▸ Information given
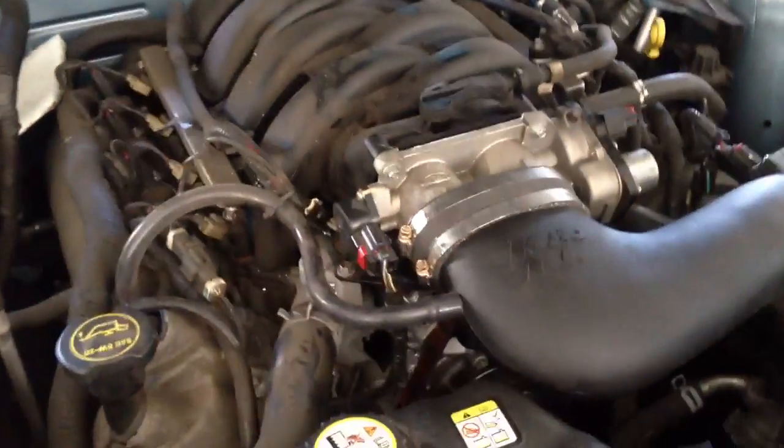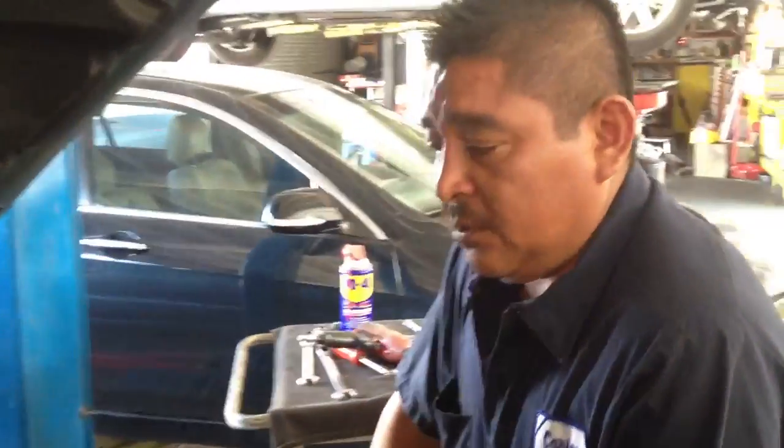Hi, my name is Carlos Martinez. I work for Alton & Lube in Venice, California. We have a 2005 Mustang here. The customer brought it in for a check engine light on. We check it and check the code number — the code number is a PO340.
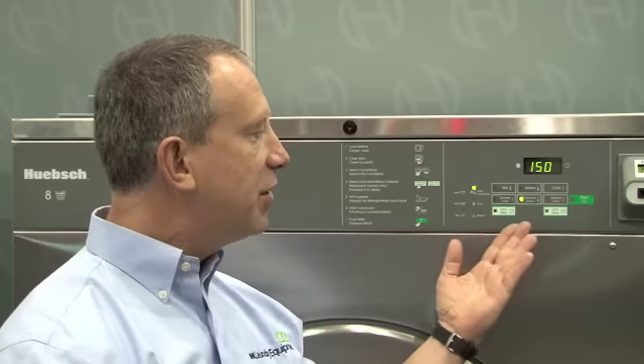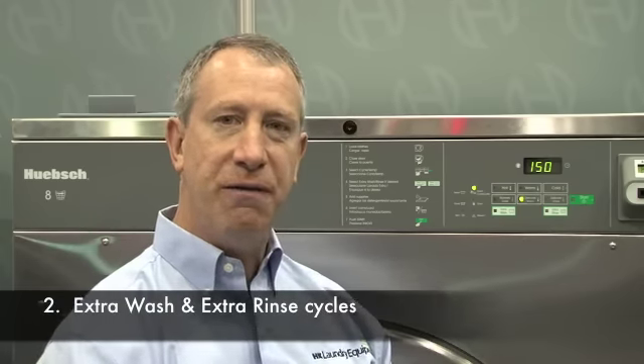We can also alter the cycles themselves to maximize the amount of revenue and minimize the amount of utilities. Extra wash and extra rinse are additional features, which are additional revenue generators. This is an additional revenue adder that can add 20 to 30 percent.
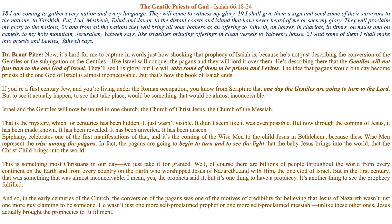Yes, the prophets said it, but it's one thing to have a prophecy — it's another thing to see the prophecy fulfilled. In the early centuries of the church, the conversion of the pagans and the Gentile nations was one of the motives of credibility for believing that Jesus of Nazareth wasn't just one more self-proclaimed prophet or messiah. Unlike these others, Jesus actually brought the prophecies to fulfillment — He brought the Gentiles to worship the one true God of Israel through Him. That is why He said: 'I am the way, the truth, and the life.' Amen.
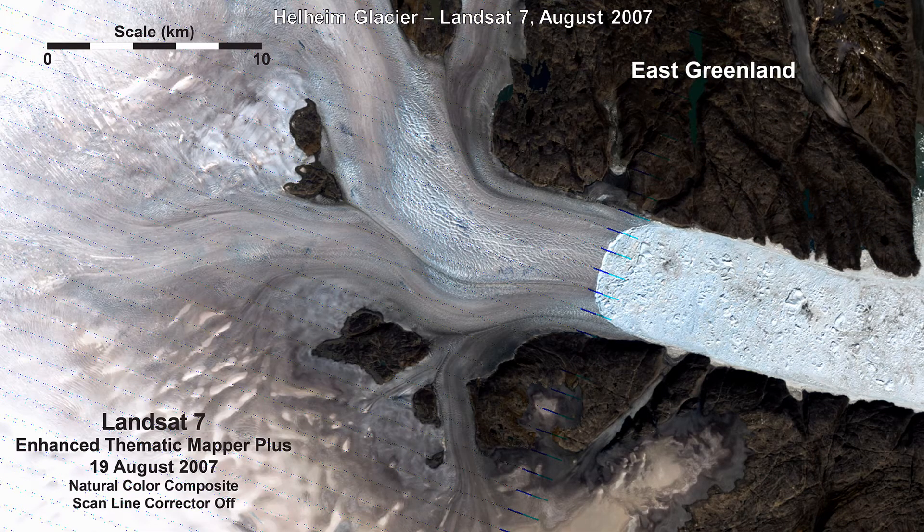This Landsat Seven ETM+ image shows additional ice front retreat has occurred by mid-August 2007. This frame also shows that a problem has impacted the ETM+ sensor on orbit, causing gaps and colored lines to appear in the image. In late May 2003, the scanline corrector on ETM+ failed, causing incomplete coverage to all subsequent Landsat Seven scenes. Fortunately, a second ETM+ image from slightly earlier in August, with offsetting gaps, allows the frame to be filled in almost completely.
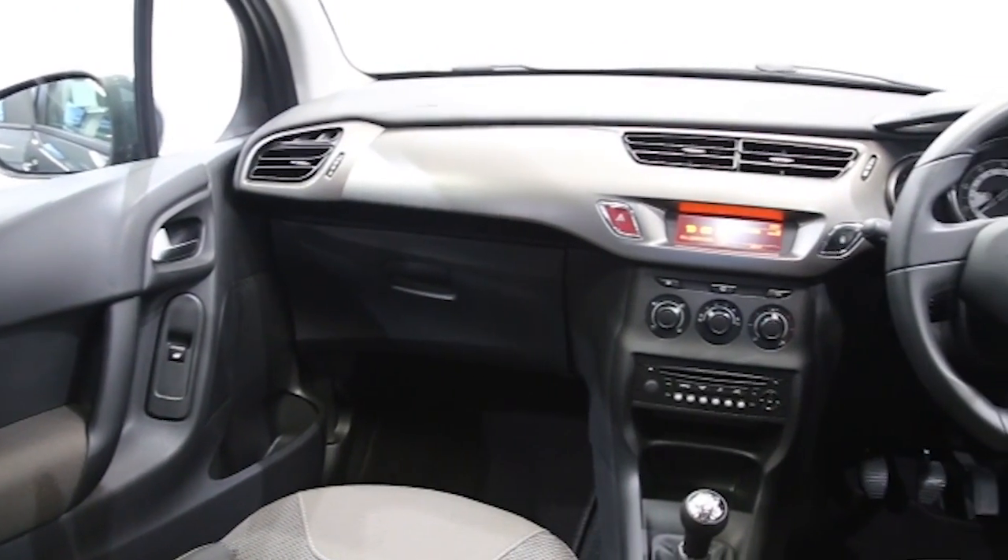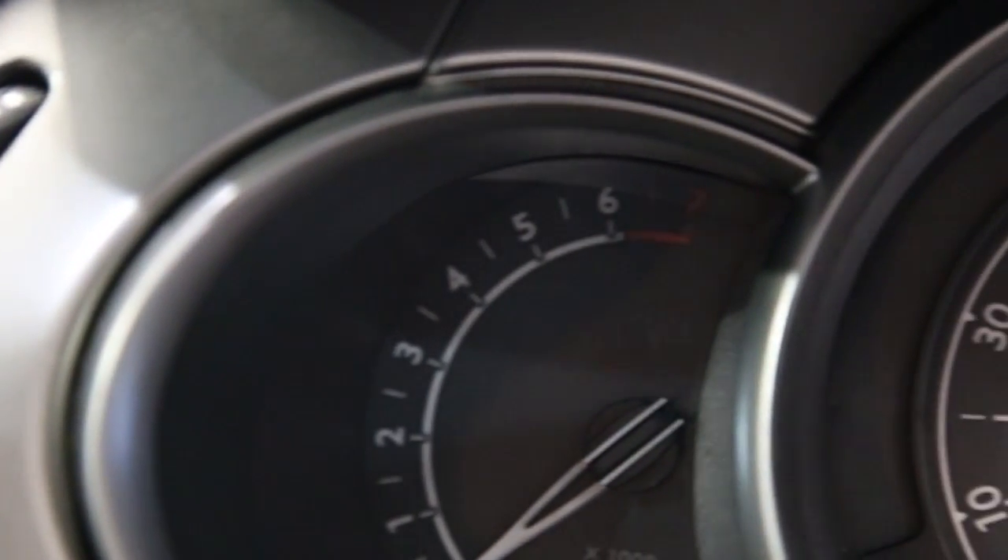This Citroën C3 has been through our full and extensive service and preparation process to ensure it's in perfect condition.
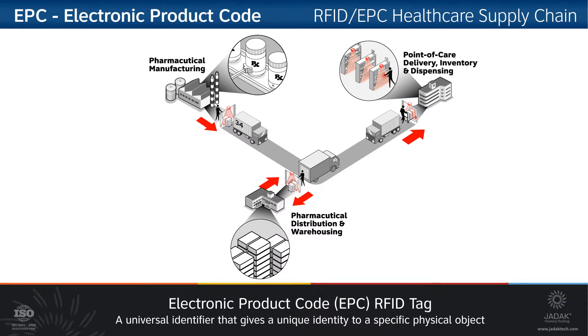Electronic Product Code, or EPC, is a universal identifier system that gives a unique identity to a specific object or product. This identity is designed to be unique among all other physical objects and categories in the world, for all time.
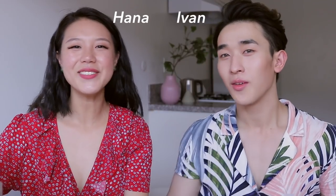Hi guys! Welcome back to my channel. Today we're just gonna go over our favorite acne products that we like.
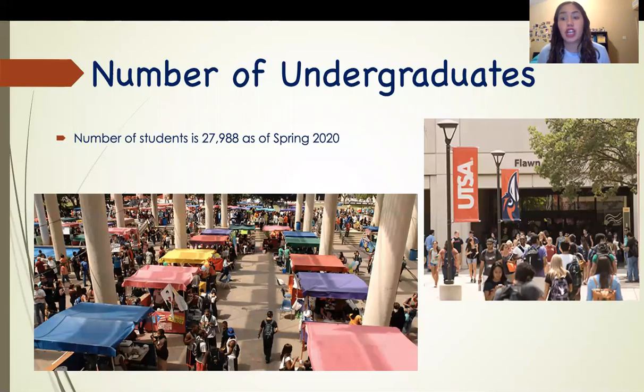So what's the number of undergraduate students? The number of students is 27,988 as of spring 2020.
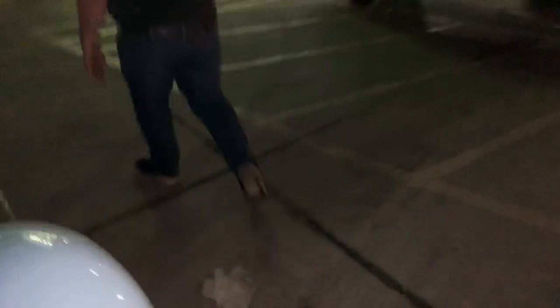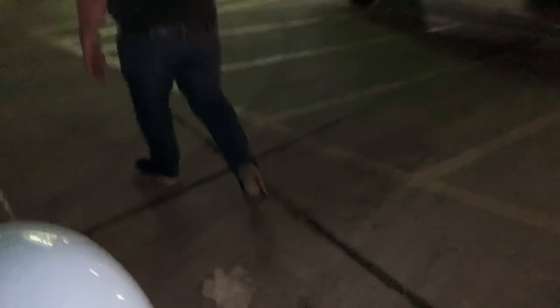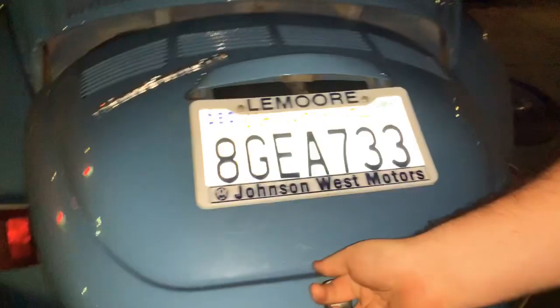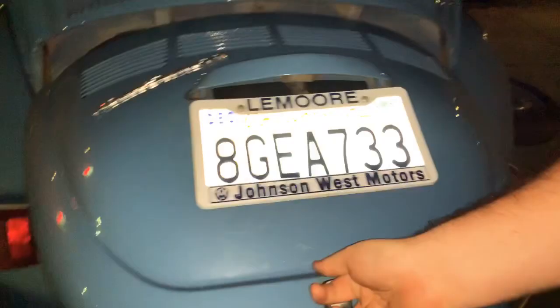The engine is actually in the back of the car — there it is. Kind of interesting. And the struggle was getting the spare tire out of the front, because every time I would pull the tire out it kept getting stuck.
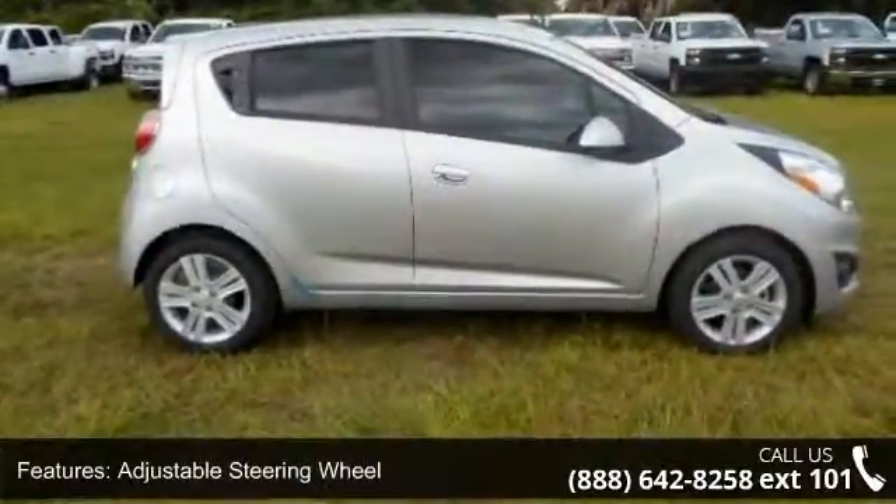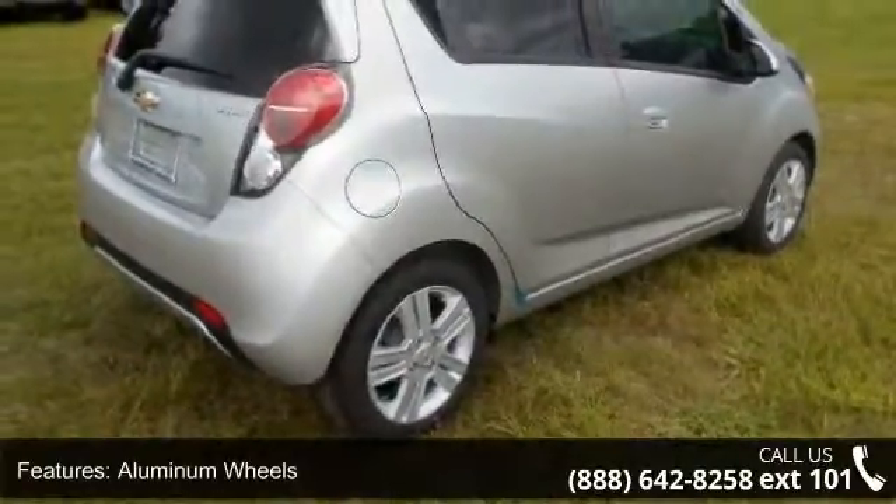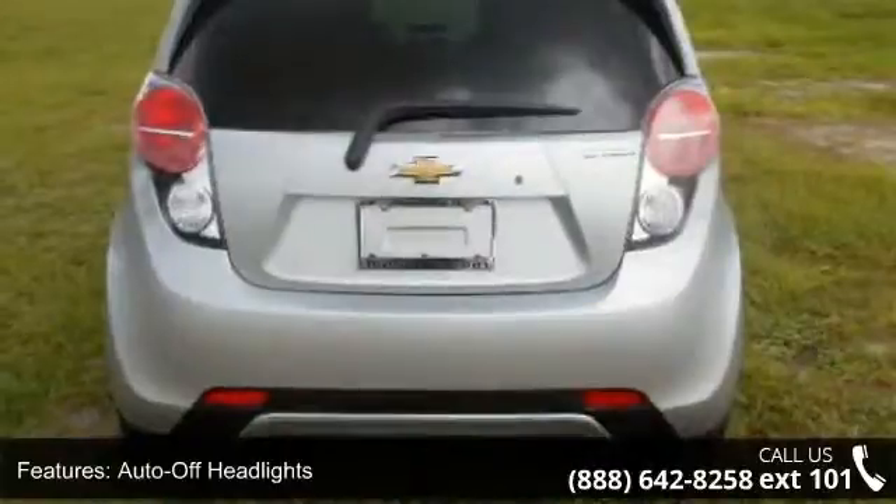Low mileage is an important factor in your purchase, and this vehicle delivers a low odometer reading. Let us put you in the driver's seat today. Call or click to contact your dealership.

▸ Brief
Give the material again exactly as it is, but keep the pictures out.

▸ Output of the task
Hi, my name is Carlos Martinez. I work for Alton & Lube in Venice, California. We have a 2005 Mustang here. The customer brought it in for a check engine light on. We check it and check the code number — the code number is a PO340.
We can also alter the cycles themselves to maximize the amount of revenue and minimize the amount of utilities. Extra wash and extra rinse are additional features, which are additional revenue generators. This is an additional revenue adder that can add 20 to 30 percent.
Yes, the prophets said it, but it's one thing to have a prophecy — it's another thing to see the prophecy fulfilled. In the early centuries of the church, the conversion of the pagans and the Gentile nations was one of the motives of credibility for believing that Jesus of Nazareth wasn't just one more self-proclaimed prophet or messiah. Unlike these others, Jesus actually brought the prophecies to fulfillment — He brought the Gentiles to worship the one true God of Israel through Him. That is why He said: 'I am the way, the truth, and the life.' Amen.
This Landsat Seven ETM+ image shows additional ice front retreat has occurred by mid-August 2007. This frame also shows that a problem has impacted the ETM+ sensor on orbit, causing gaps and colored lines to appear in the image. In late May 2003, the scanline corrector on ETM+ failed, causing incomplete coverage to all subsequent Landsat Seven scenes. Fortunately, a second ETM+ image from slightly earlier in August, with offsetting gaps, allows the frame to be filled in almost completely.
This Citroën C3 has been through our full and extensive service and preparation process to ensure it's in perfect condition.
Electronic Product Code, or EPC, is a universal identifier system that gives a unique identity to a specific object or product. This identity is designed to be unique among all other physical objects and categories in the world, for all time.
Hi guys! Welcome back to my channel. Today we're just gonna go over our favorite acne products that we like.
So what's the number of undergraduate students? The number of students is 27,988 as of spring 2020.
The engine is actually in the back of the car — there it is. Kind of interesting. And the struggle was getting the spare tire out of the front, because every time I would pull the tire out it kept getting stuck.
Low mileage is an important factor in your purchase, and this vehicle delivers a low odometer reading. Let us put you in the driver's seat today. Call or click to contact your dealership.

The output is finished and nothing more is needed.